The theater is solemnly dark and mostly still. But somewhere the sound of shuffling, stirring, and rustling can be heard. Shapes, shadows and figures are just blotches here without the light from overhead. 

A thick, ink-black, plush-velvet curtain, drawn closed at the outermost edge of the stage has a small hole in it. The hole shines bright from the light it leaks. A bright beam from beyond, as if shining from the crown of a lighthouse.

Grab the fabric taut with both hands, peer through to see beyond the engulfing darkness. But only bits can be seen, not the entire stage, not all at once. Pivoting the view reveals different aspects, sections, parts and pieces but never the whole stage production. Never enough to get a true sense of where this belongs, or that sits, or how these things relate to those things. Sharp greens, bright yellows, deep oranges scatter the floor and bright white drops shimmer under the harsh spot light and give only a hint of their true nature.

Riding in the near-dark of dusk, shrouded by the thick canopy of century old pines is one thing (see earlier post: Riding Braille), but riding in the dark black of night is entirely different. Day and night different? No. More like the difference between coffee with cream and sugar and black coffee.

This is how I chose to spend my birthday. Me and my two friends, Crash and Caution, with lights strapped to our helmets, rode off into the sea of black. Paradise was empty, completely, save our trio. 

I love riding at night because the problem solving of day riding is amplified at night. With only a small spotlight punching a hole through the deepest darkness its difficult to see the whole problem. Only parts and pieces, sections and samplings but never the whole thing. Never seeing enough to get a true sense of the next obstacle, or corner, or where the actual trail is. Rain-soaked leaves cover the ground with sharp greens, bright yellows and deep oranges. Beautiful but slippery dangerous. I can't wait to go again.

Saturday, October 6, 2012

Crash

The black speck at the crest is Lee

















By any standard of measurement, riding to the summit of Tiger Mountain is difficult. From the upper parking lot the ascent is over 4 miles on a loose-gravel service road. The incline is relentless and constant, there are no flat or downhill breaks from the 30 degree ascent, in fact, the only change comes when it actually gets steeper. It takes over an hour to gain over 1700 feet of elevation, pedaling the entire time. Which I did not do.

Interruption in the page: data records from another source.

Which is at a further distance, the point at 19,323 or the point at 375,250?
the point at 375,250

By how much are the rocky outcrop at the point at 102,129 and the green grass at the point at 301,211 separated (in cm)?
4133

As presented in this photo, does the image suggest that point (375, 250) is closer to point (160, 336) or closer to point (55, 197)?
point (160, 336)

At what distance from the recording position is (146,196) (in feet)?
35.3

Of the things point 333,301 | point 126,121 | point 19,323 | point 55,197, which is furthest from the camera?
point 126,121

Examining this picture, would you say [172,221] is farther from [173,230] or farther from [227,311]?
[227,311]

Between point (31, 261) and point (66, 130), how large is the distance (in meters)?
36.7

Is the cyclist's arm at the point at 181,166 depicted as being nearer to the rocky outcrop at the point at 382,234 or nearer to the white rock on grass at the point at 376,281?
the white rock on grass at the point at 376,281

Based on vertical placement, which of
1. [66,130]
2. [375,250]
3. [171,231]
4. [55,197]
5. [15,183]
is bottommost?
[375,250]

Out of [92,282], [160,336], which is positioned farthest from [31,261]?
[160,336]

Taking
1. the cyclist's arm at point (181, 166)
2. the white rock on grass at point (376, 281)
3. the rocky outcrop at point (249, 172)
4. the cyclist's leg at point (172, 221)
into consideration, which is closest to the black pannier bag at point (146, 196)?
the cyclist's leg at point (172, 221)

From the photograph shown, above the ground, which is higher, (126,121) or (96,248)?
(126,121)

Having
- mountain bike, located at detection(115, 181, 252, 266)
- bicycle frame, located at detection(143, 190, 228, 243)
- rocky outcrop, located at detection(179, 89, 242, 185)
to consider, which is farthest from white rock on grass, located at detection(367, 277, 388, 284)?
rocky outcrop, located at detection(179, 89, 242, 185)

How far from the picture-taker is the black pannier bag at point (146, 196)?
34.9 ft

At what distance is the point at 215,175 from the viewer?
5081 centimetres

But mountain biking is like that: difficult. When it 's approached with serious devotion, with intent, and in a way that leads to mastery; it's hard, it's painful, it's dangerous and more often than not, it's crashing. 

Most of the time a crash is scrapes, bumps, and bruises but sometimes a crash is breaks, blackouts, and permanent damage. Crash, is also the nickname of my best friend and faithful riding companion, Lee. I've been friends with Crash since the 80's but he only just received his mountain bike name this summer. 

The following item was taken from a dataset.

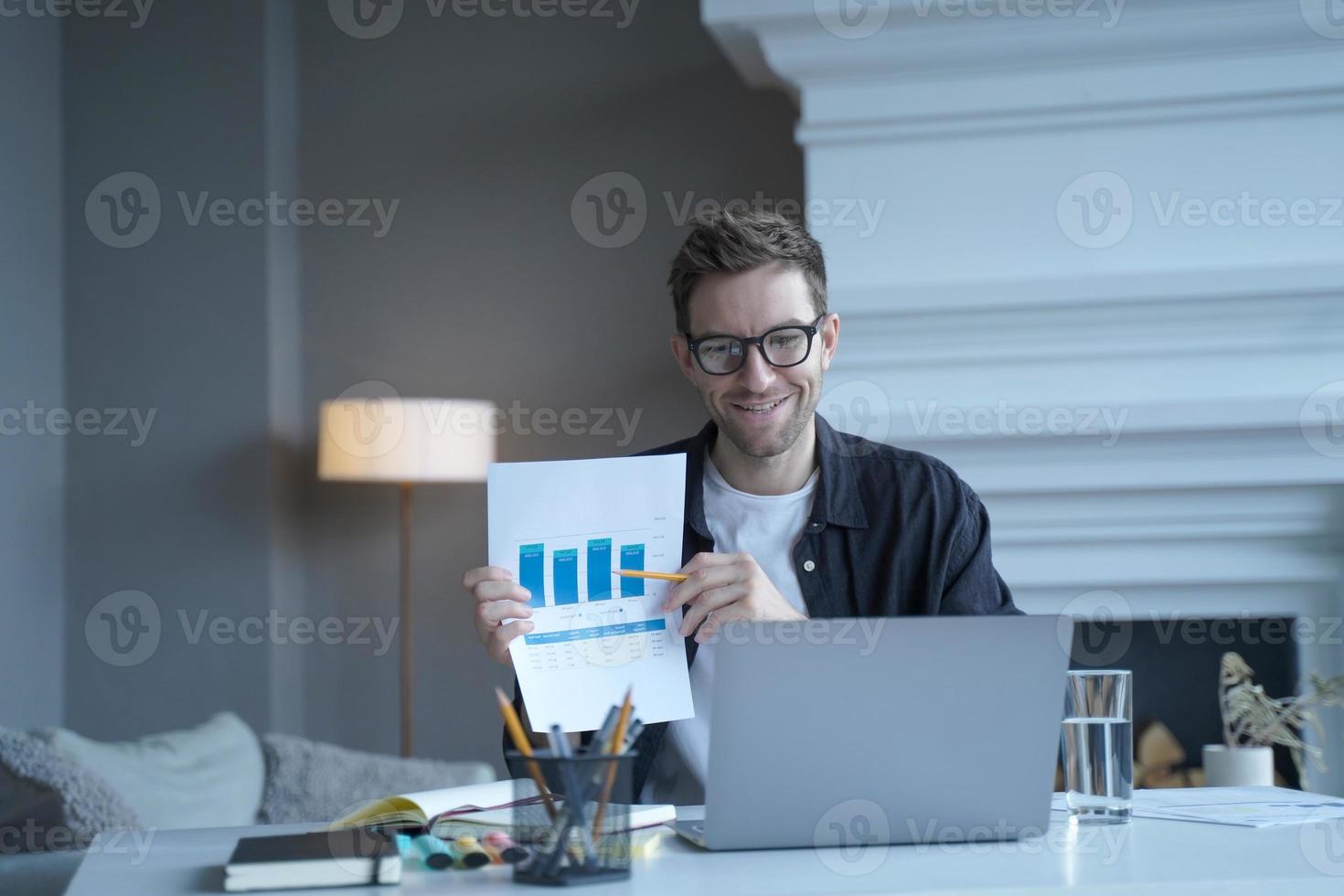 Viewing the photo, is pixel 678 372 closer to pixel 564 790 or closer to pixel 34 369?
pixel 34 369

Ride after ride, he would crash, usually in very spectacular ways but always without drama. He simply gets back on his bike and rides on as if nothing happened. 

Consistently crashing on a mountain bike (several times each ride) usually means that the rider is out of their depth, or their skill set is less than the conditions demand, or they quickly find themselves in an unsolvable problem. In Lee's case it's different. Lee crashes not from inability or inexperience; he crashes with intent. That is not to say that he deliberately sets out to go ass-over-tea-kettle. No. 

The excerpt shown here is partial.